C++ program to find K th largest element in binary search tree when tree modification is not allowed














































C++ program to find K th largest element in binary search tree when tree modification is not allowed



TOPIC: C++ program to find K'th largest element in a binary search tree when tree modification is not allowed.


Link to source code:  https://github.com/pyskmr/D4datastructures/blob/master/binary%20search%20tree/kthlargest.cpp



DESCRIPTION:


As we all know that in a BST the INORDER gives ASCENDING ORDER of all the nodes in the tree and in INORDER we traverse left subtree first then the root and then finally the right subtree.


So we can easily find the k'th largest element from this by knowing the size of the tree beforehand BUT let's make the calculations more easy and understandable.


If we modify this INORDER where instead of traversing the left subtree first we are traversing the right subtree first the result will be interesting, which is actually DECREASING ORDER of all the nodes available in the BST.



Let's name this type of INORDER approach as REVERSE INORDER.

Therefore, here we will proceed following.

     REVERSE INORDER - Right Subtree , root, Left Subtree

And at each recursive approach, the basis or the terminating or the base case will be when the root visited becomes NULL.




PROCEDURE REVERSE_INORDER


One static variable let's say 'i' which will increase each time we visit a node if the value 'i' is equal to Kth value then we will print that node value and we will keep increase 'i'



Static int i = 1

Static bool found =false


Case 1. If the root is NULL that is there is no node to delete.

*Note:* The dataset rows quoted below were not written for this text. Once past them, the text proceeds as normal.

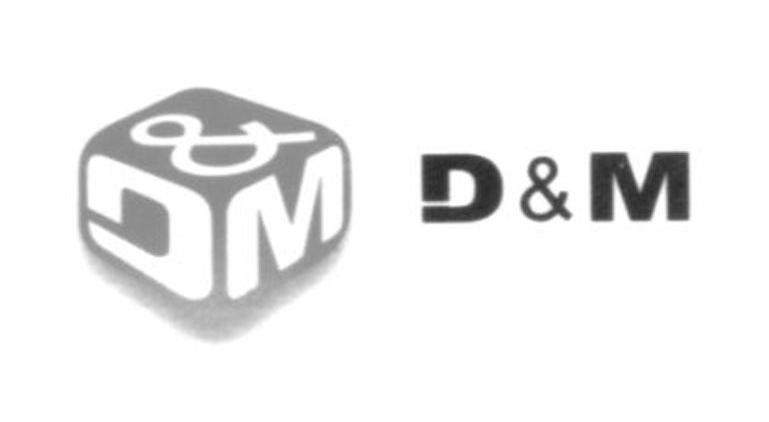 商标名称D&M商标注册号 6962627、商标申请人珠海市世准软件有限公司的商标详情 - 标库网商标查询
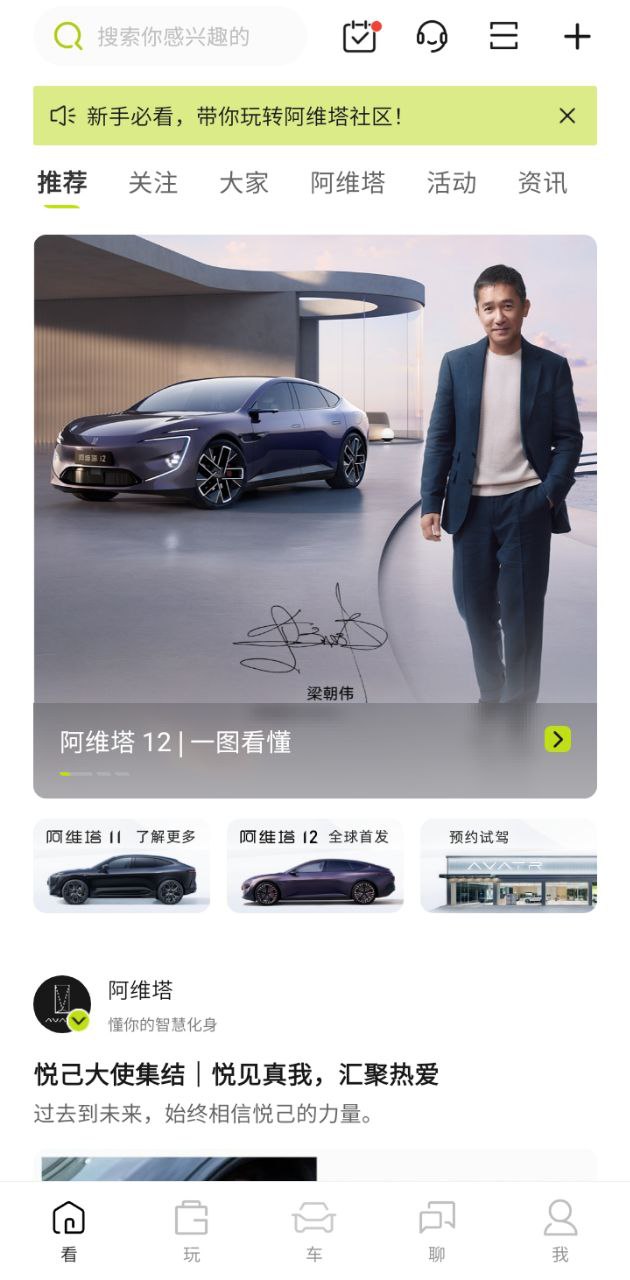 阿维塔软件app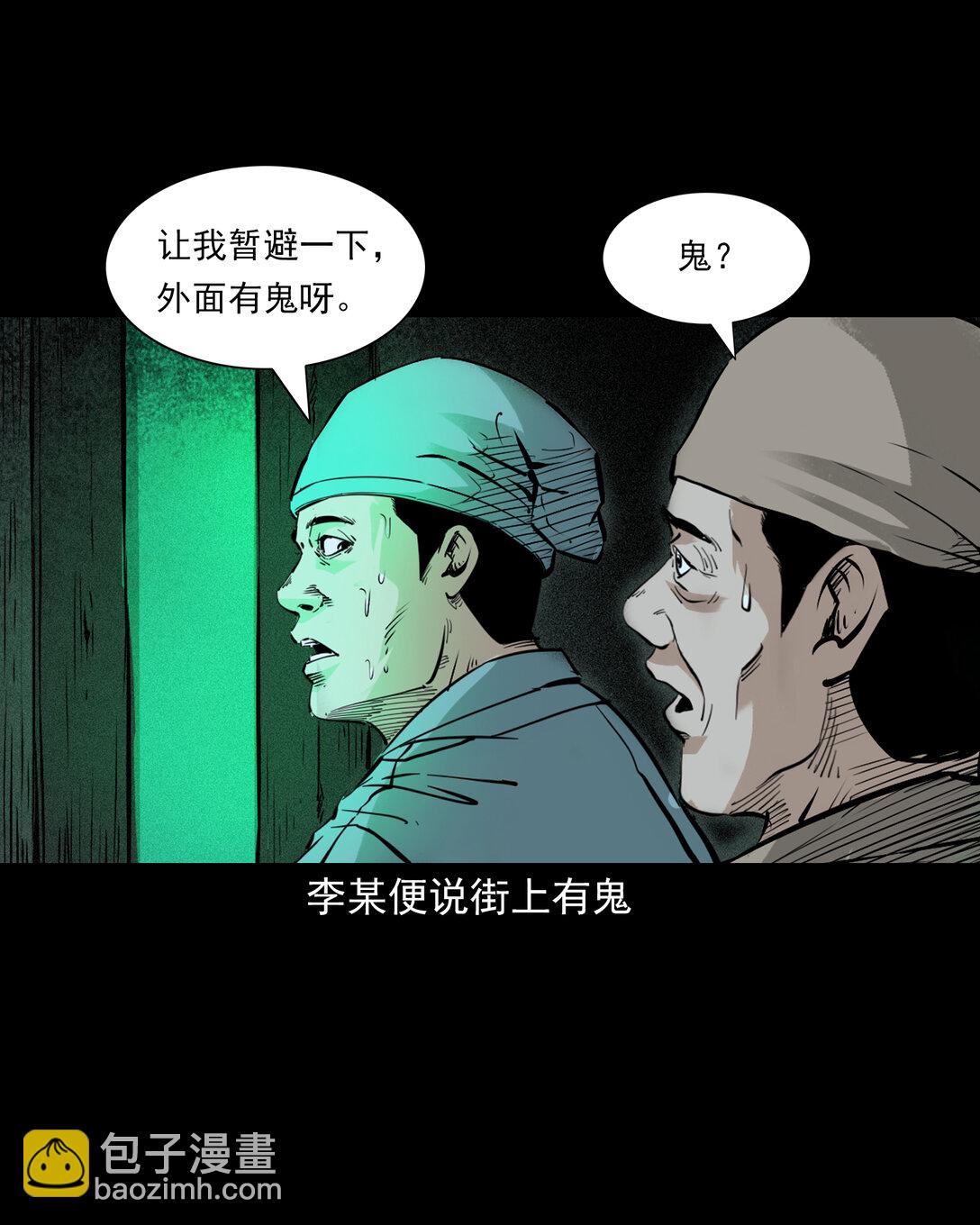 146 第146话闹阴兵-第146话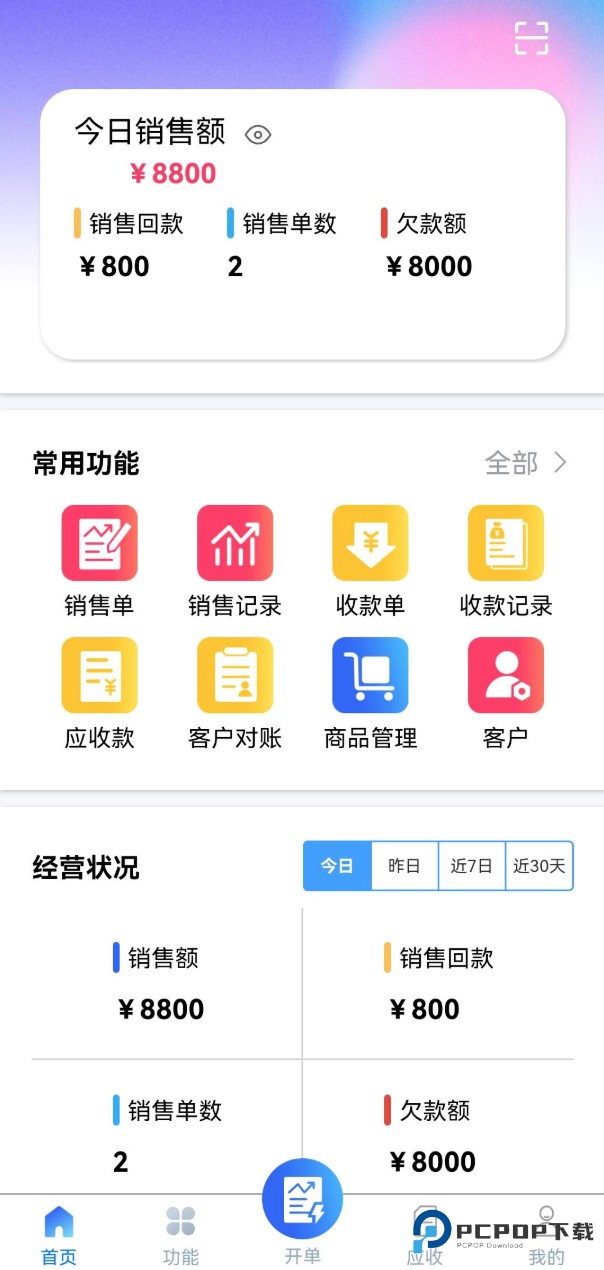 蓝科云官方版3.11.6最新版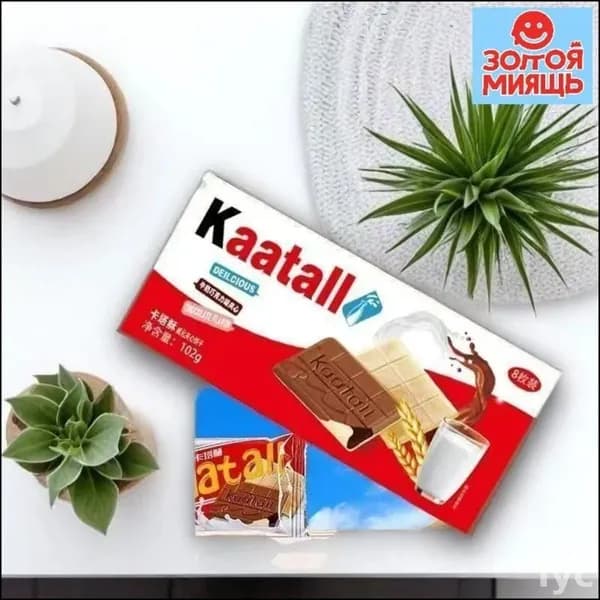 Бестселлер, хрустящие конфеты Kinder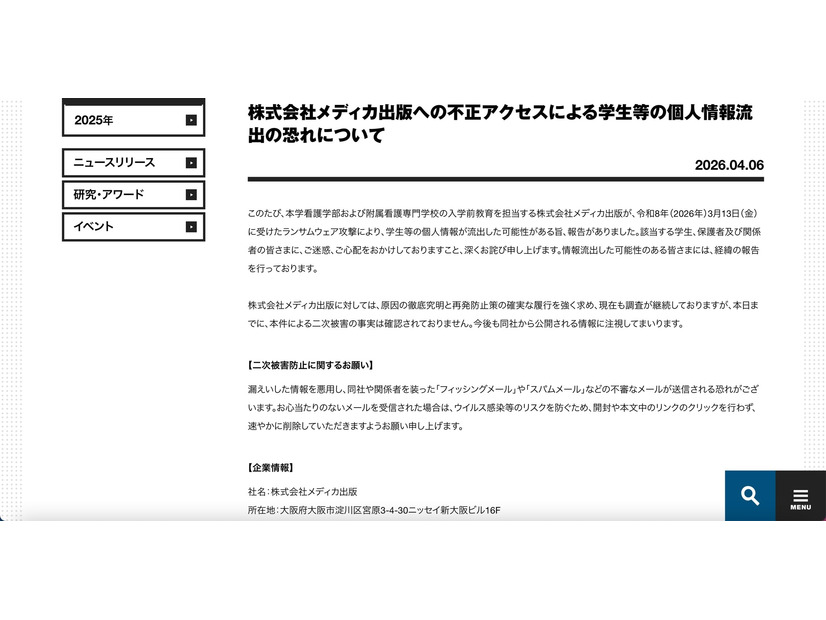 リリース（株式会社メディカ出版への不正アクセスによる学生等の個人情報流出の恐れについて）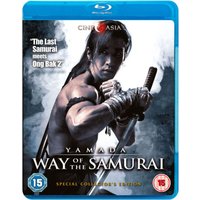 Yamada: Way of the Samurai
Yamada: Way of the Samurai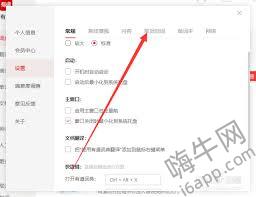有道翻译官如何设置取词功能？开启取词功能流程全解析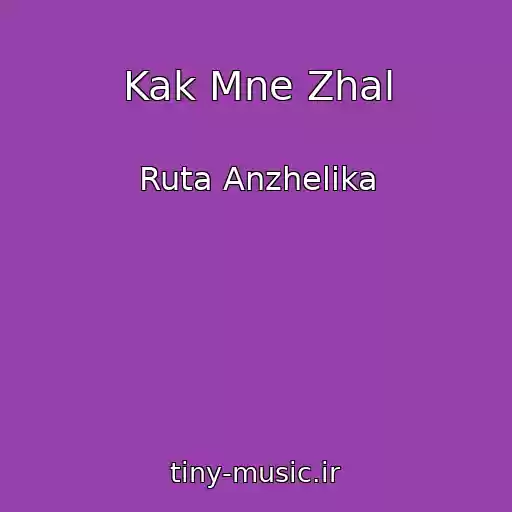 کاور آهنگ Kak Mne Zhal از Ruta Anzhelika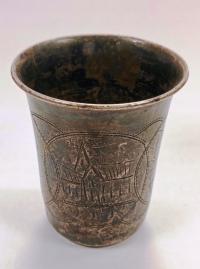 Kubek stary kiduszowy? żydowski judaika kolekcja srebro antyk rosja od L03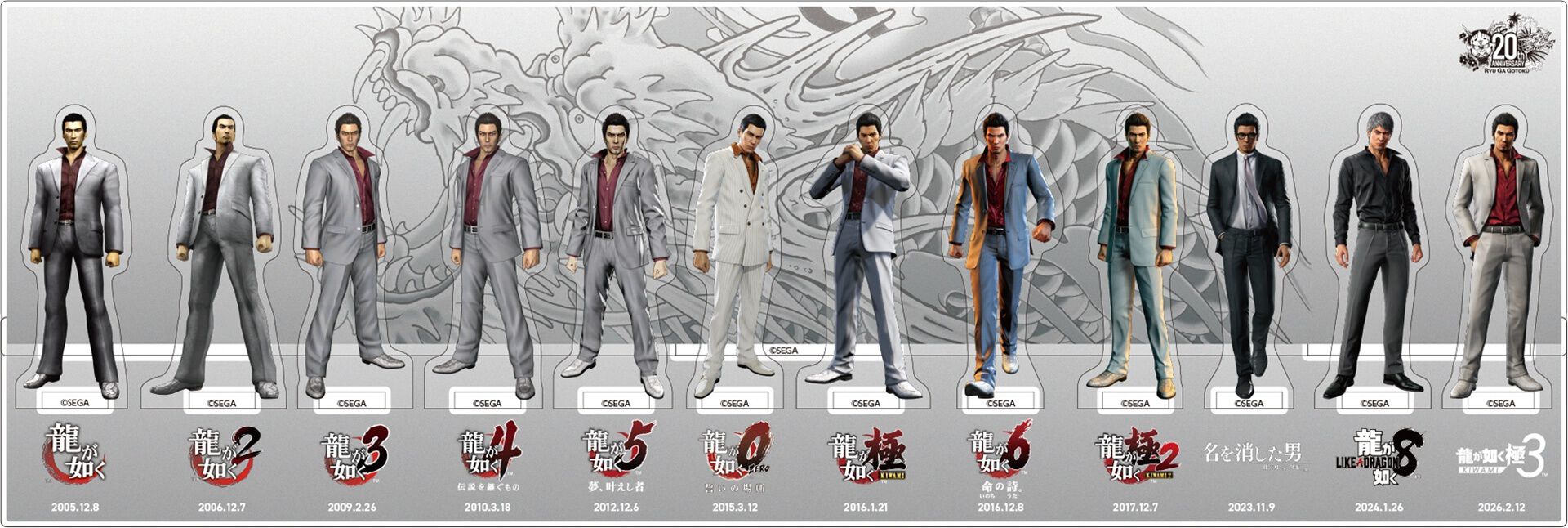 龍が如く』歴代“桐生一馬”を並べて飾れるアクリルジオラマが登場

              Return found


Case 2. Call this procedure to the right subtree of the root.

             Call this procedure to the left subtree of the root.

             If i is equal to k then print roots value and found = true

            i++





Lets take an example to clarify, consider this tree: -





Its normal inorder would be 1,2,4,5,7,8,10

Here the 3rd largest node will be (size-3rd) +1 element, see here we have to find the size also.


And its reverse inorder would be 10,8,7,5,4,2,1

Here the 3rd largest node will be the 3rd element itself.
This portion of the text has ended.